Items from a data source:
- - -

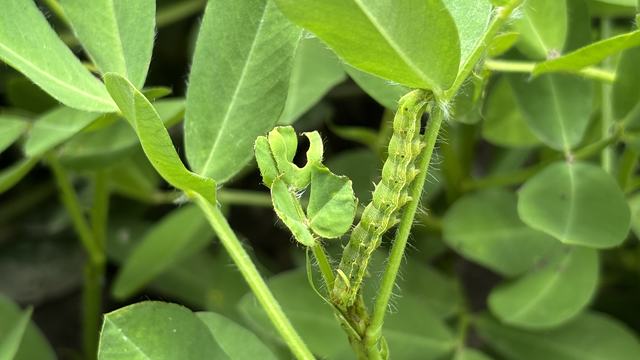 Foliar feeding insect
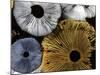 Mushroom Spores Close-Up-null-Mounted Photographic Print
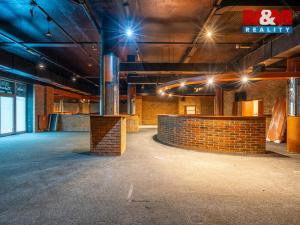 Prodej obchodního prostoru, Praha, Trnkovo náměstí, 324 m2
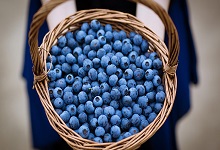 蓝莓放两天会变甜吗 蓝莓放两天会怎样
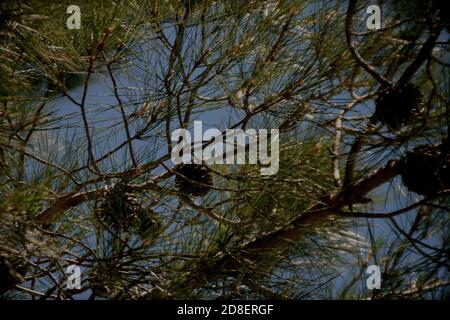Rami di pino verde con coni contro il cielo estivo blu Foto Stock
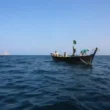 Sindh fishing reforms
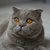 Image-square_50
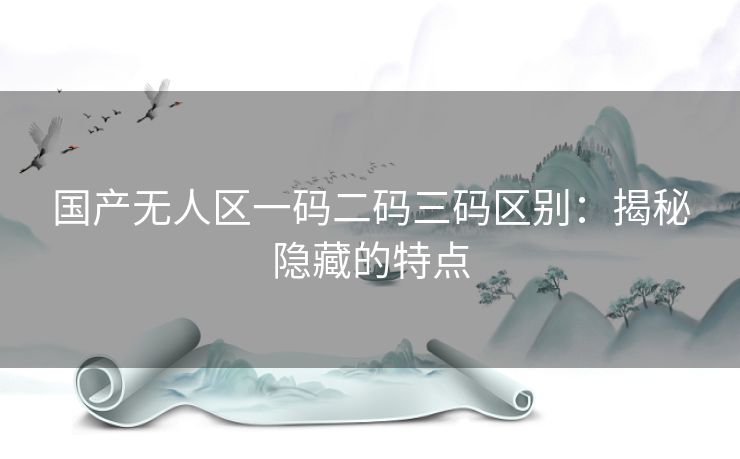 国产无人区一码二码三码区别：揭秘隐藏的特点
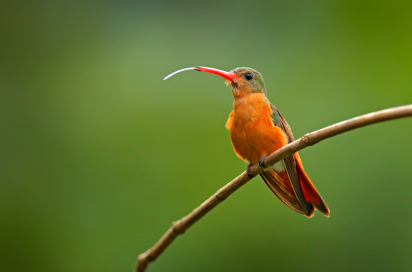 Carara National Park Getty1249802416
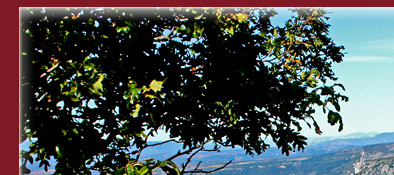 Gorge du Verdon, Grand Canyon du Verdon in S&uuml;dfrankreich am Mittelmeer, Bild 1 von 6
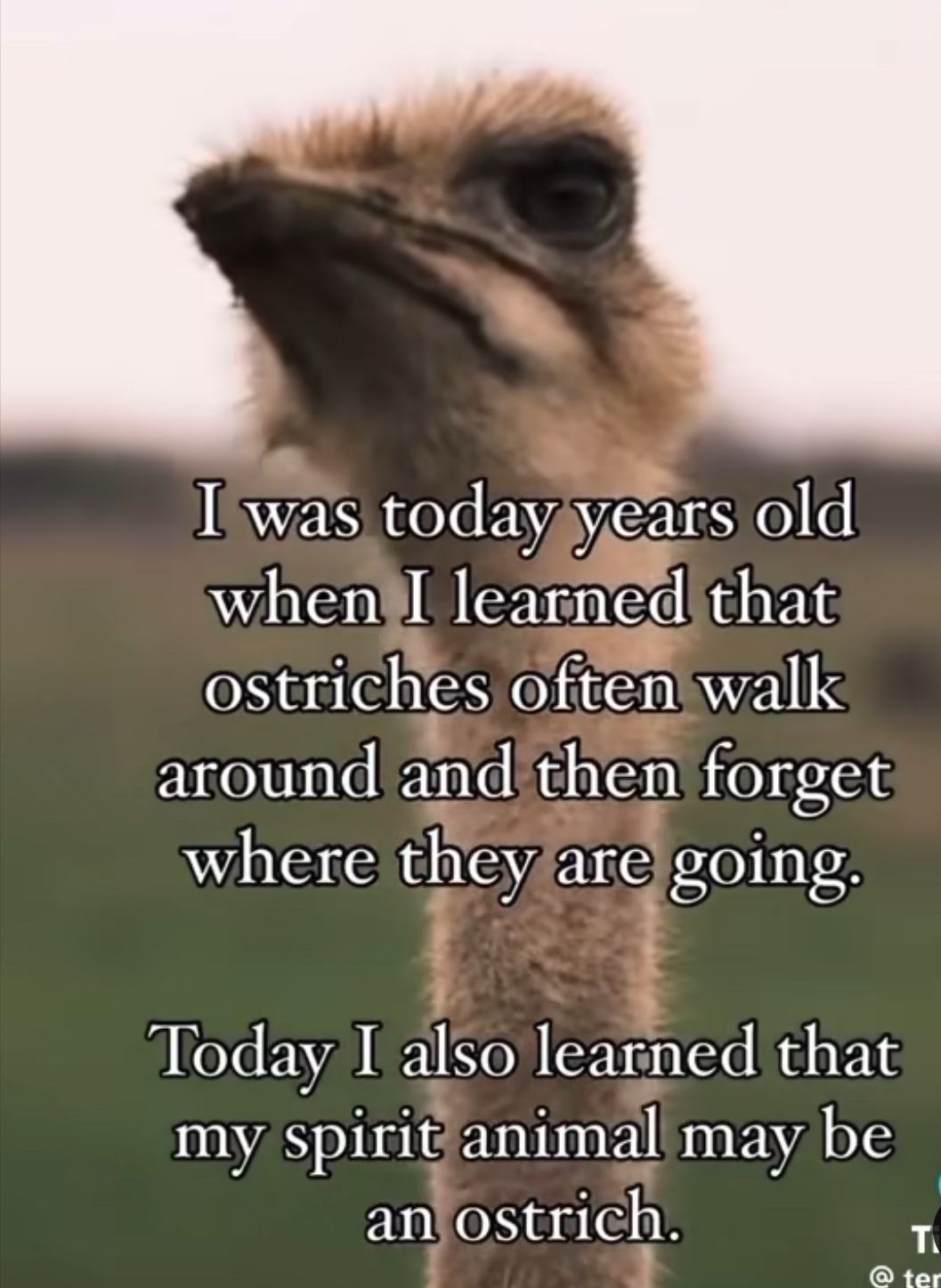 Mood. Apparently my spirit animal is an ostrich bc I also forget where I'm going.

- - -

**Task**
The line containing "Rami di pino" marks the start: set down exactly that line and every line after it through the last line of the data, without any pictures.

**Solution below**
Rami di pino verde con coni contro il cielo estivo blu Foto Stock
 Sindh fishing reforms
 Image-square_50
 国产无人区一码二码三码区别：揭秘隐藏的特点
 Carara National Park Getty1249802416
 Gorge du Verdon, Grand Canyon du Verdon in S&uuml;dfrankreich am Mittelmeer, Bild 1 von 6
 Mood. Apparently my spirit animal is an ostrich bc I also forget where I'm going.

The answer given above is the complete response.